Islam di masa kekhalifahan diterapkan sebagai agama yang mengatur
hubungan antara manusia sebagai makhluk dengan Allah SWT sebagai Khalik,
Sang Pencipta; dan juga suatu sistem sosial yang melandasi kehidupan
bermasyarakat dan bernegara. Islam yang muncul di Jazirah Arab dan telah
berkembang lama di wilayah Persia, berkembang di wilayah kekuasaan
Kekhalifahan Turki dengan membawa peradaban dua bangsa tersebut.
Perkembangan selanjutnya memperlihatkan pengaruh yang kuat kedua
peradaban tersebut ke dalam kebudayaan bangsa Turki. Kondisi ini
menimbulkan kekeliruan pada masyarakat awam yang sering menganggap bahwa
bangsa Turki sama dengan bangsa Arab. Suatu anggapan yang keliru yang
selalu ingin diluruskan oleh bangsa Turki sejak tumbuhnya nasionalisme
pada abad ke-19. Selanjutnya arah modernisasi yang berkiblat ke Barat
telah menyerap unsur-unsur budaya Barat yang dianggap modern. Campuran
peradaban Turki, Islam dan Barat, inilah yang telah mewarnai identitas
masyarakat Turki.
Masyarakat Indonesia mengenal Turki sebagai suatu negara berpenduduk
mayoritas Muslim. Kita juga mengenal Turki sebagai bangsa yang pernah
memimpin dunia Islam selama tujuh ratus tahun, dari permulaan abad ke-13
hingga jatuhnya Kekhalifahan Ustmani pada awal abad ke-20. Fenomena
kehidupan masyarakat Turki menjadi menarik ketika negara Turki yang
berdiri tahun 1923 menyatakan sebagai sebuah negara sekuler, di mana
Islam yang telah berfungsi sebagai agama dan sistem hidup bermasyarakat
dan bernegara selama lebih dari tujuh abad, dijauhkan peranannya dan
digantikan oleh sistem Barat.
A. KONSPIRASI MENGHANCURKAN KHALIFAH
Di dalam negara, ahli dzimmah-khususnya orang Kristen yang mendapat hak
istimewa zaman Suleiman II, akhirnya menuntut persamaan hak dengan
muslimin. Malahan hak istimewa ini dimanfaatkan untuk melindungi
provokator dan intel asing dengan jaminan perjanjian antara khalifah
dengan Bizantium (1521), Prancis (1535), dan Inggris (1580). Dengan hak
istimewa ini, jumlah orang Kristen dan Yahudi meningkat di dalam negeri.

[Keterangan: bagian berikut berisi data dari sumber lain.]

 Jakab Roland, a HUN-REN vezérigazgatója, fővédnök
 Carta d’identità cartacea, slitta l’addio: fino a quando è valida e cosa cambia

Ini dimanfaatkan misionaris yang mulai menjalankan gerakan sejak abad
16 . Malta dipilih sebagai pusat gerakannya. Dari sana mereka menyusup
ke Suriah(1620) dan tinggal di sana sampai 1773. Di tengah mundurnya
intelektualitas dunia Islam, mereka mendirikan pusat kajian sebagai
kedok gerakannya. Pusat kajian ini kebanyakan milik Inggris, Prancis,
dan Amerika Serikat, yang digunakan Barat untuk mengemban kepemimpinan
intelektualnya di Dunia Islam, disertai serangan mereka terhadap
pemikiran Islam. Serangan ini sudah lama dipersiapkan orientalis Barat,
yang mendirikan Pusat Kajian Ketimuran sejak abad 14.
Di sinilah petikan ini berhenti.